Hashing vs. Encryption
In the previous pages, we covered discussed encryption as a bidirectional function. Note how encryption was a two-way function. What we have sent is to be decrypted and interpreted. Where as Hashing, what we will cover below, is a one-way function. It scrambles plain text to produce a unique message digest. This is really helpful for things like passwords, where the password converts into a hash. If the hash matches the hash in the database, then the password is correct without the server ever knowing what your password is.
Hashing
At its core, a hash function transforms an input (also known as a 'message') into a fixed-size string of bytes, typically called a 'digest'. The uniqueness of a digest is tied directly to the input; even the smallest change to the input will create a significantly different digest. Hash functions are primarily employed to maintain data integrity.

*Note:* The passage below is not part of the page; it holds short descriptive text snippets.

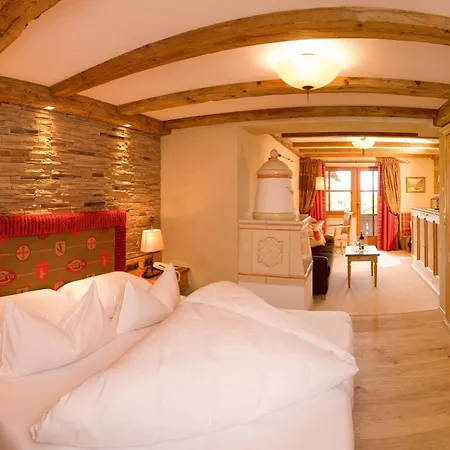 Hotel Alpin Spa Tuxerhof-3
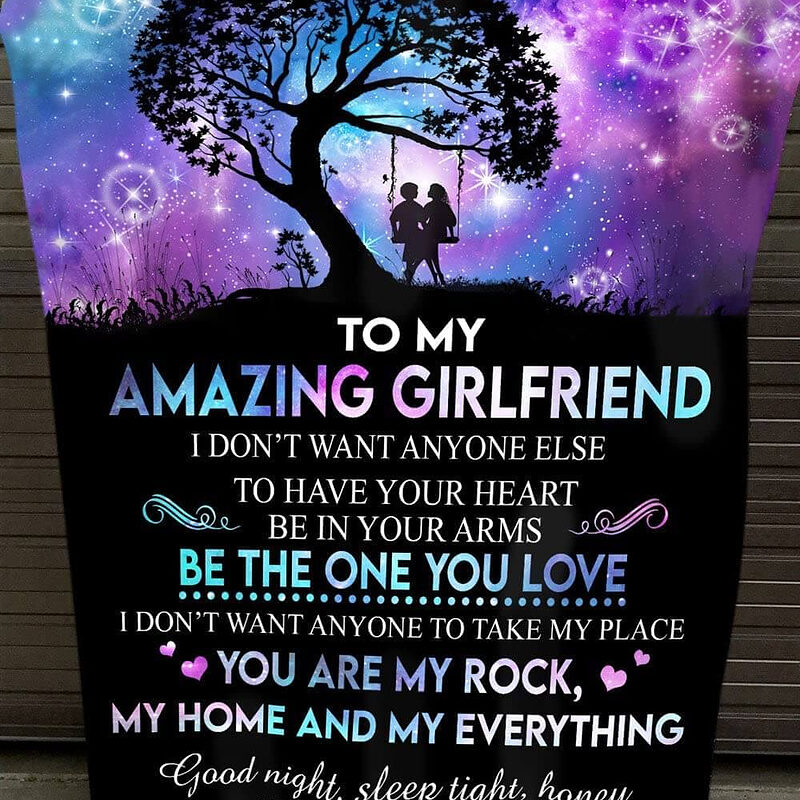 To My Amazing Girlfriend Purple Star Quilt Blanket. Foldable And Compact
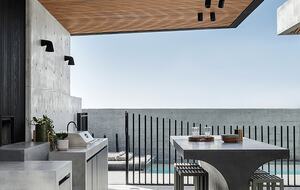 Concrete House in City Beach - Perth, Australia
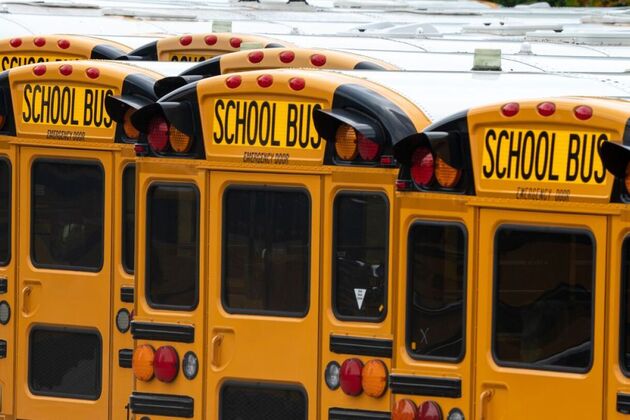 School resource officer organization backs student cellphone bans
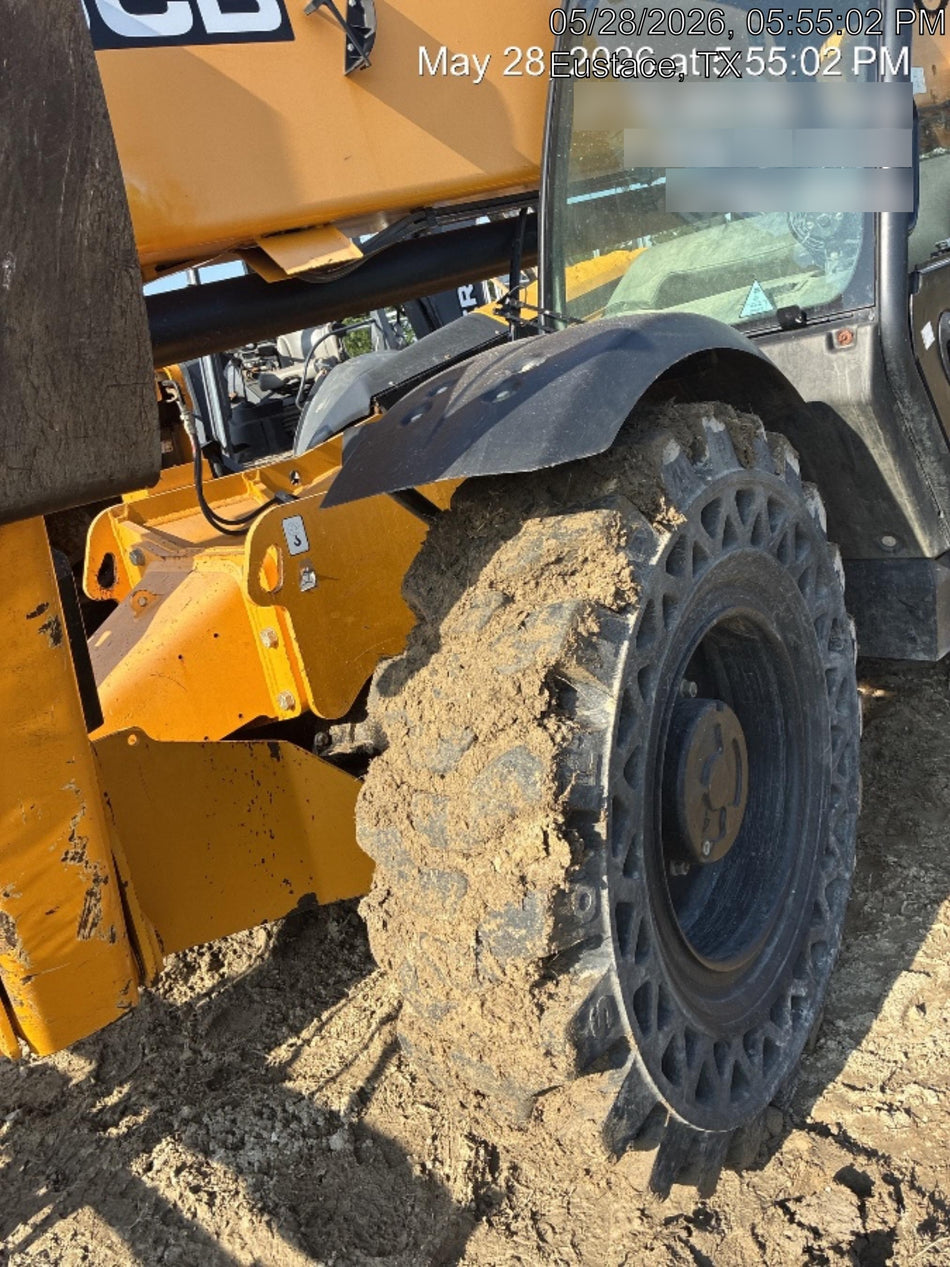 2019 JCB 510-56 74 HP w/CAB/HVAC, Beacon, Worklights, Aux Hydraulics, Solid Tires 72" Carriage/60" Forks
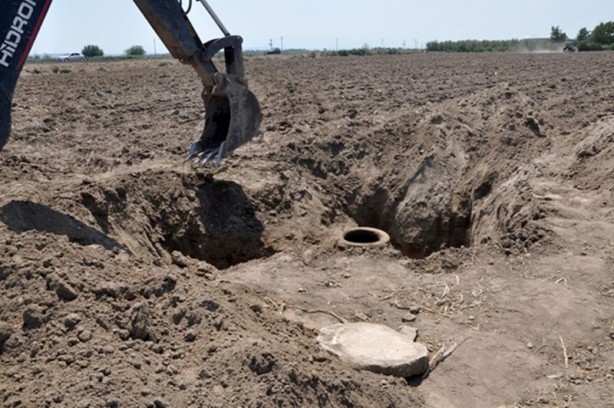 Foto - Bursalı çiftçi 1500 yıllık küp buldu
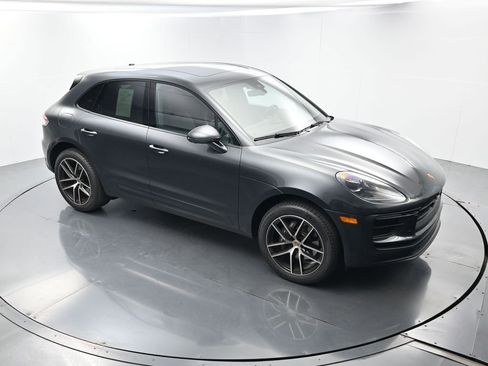 Certified 2023 Porsche Macan AWD/4WD image 39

While the terms "hash" and "digest" are often used synonymously, they're subtly different. Hashing is the process, similar to a blender at work, while the digest is the result, like the resultant smoothie. Like trying to identify the original fruits from a smoothie, it's nearly impossible to deduce the original input from the digest.
An effective hash function should meet five main criteria:
- It should accept inputs of any length.
- It should deliver a fixed-length output. For instance, regardless of the length of the password — whether it's "hi" or "v#BFBc8XUJT9ptb5" — the generated hash should be of the same length, for example, 256 bits.
- It should calculate the hash value swiftly for any input. Nobody should have to to wait ages to log in.
- It should be a one-way function. Continuing with our example, you shouldn't be able to figure out what the password is from the digest.
- It should be collision-resistant, which means that two different inputs should never result in the same output. Interestingly, the MD5 hash function had this problem, leading to its decreased usage in modern systems.
Types of Hashes
Algorithm Name | Hash Value Length (bits) | Still in Use | Replaced By | Score |
---|---|---|---|---|
Tiger | 192, 160, 128 | No | SHA-2 | 30 |
RIPEMD-160 | 160 | No | SHA-2 | 30 |
MD2 | 128 | No | MD5, SHA-1 | 20 |
MD4 | 128 | No | MD5, SHA-1 | 25 |
MD5 | 128 | No | SHA-2 | 30 |
SHA-1 | 160 | No | SHA-2 | 40 |
HMAC (SHA-1) | 160 | Yes | - | 70 |
SHA-2 | 224, 256, 384, 512 | Yes | - | 85 |
SHA-3 (Keccak) | 224, 256, 384, 512 | Yes | - | 90 |
HMAC (SHA-256) | 256 | Yes | - | 85 |
Whirlpool | 512 | Yes | - | 80 |
Blake2 | 224, 256, 384, 512 | Yes | - | 90 |
The SHA-2 and SHA-3 four main variants are very easy to remember as their has values are in their respective titles. For example:
- SHA3-224: Produces a SHA-3 hash value that is 224 bits long.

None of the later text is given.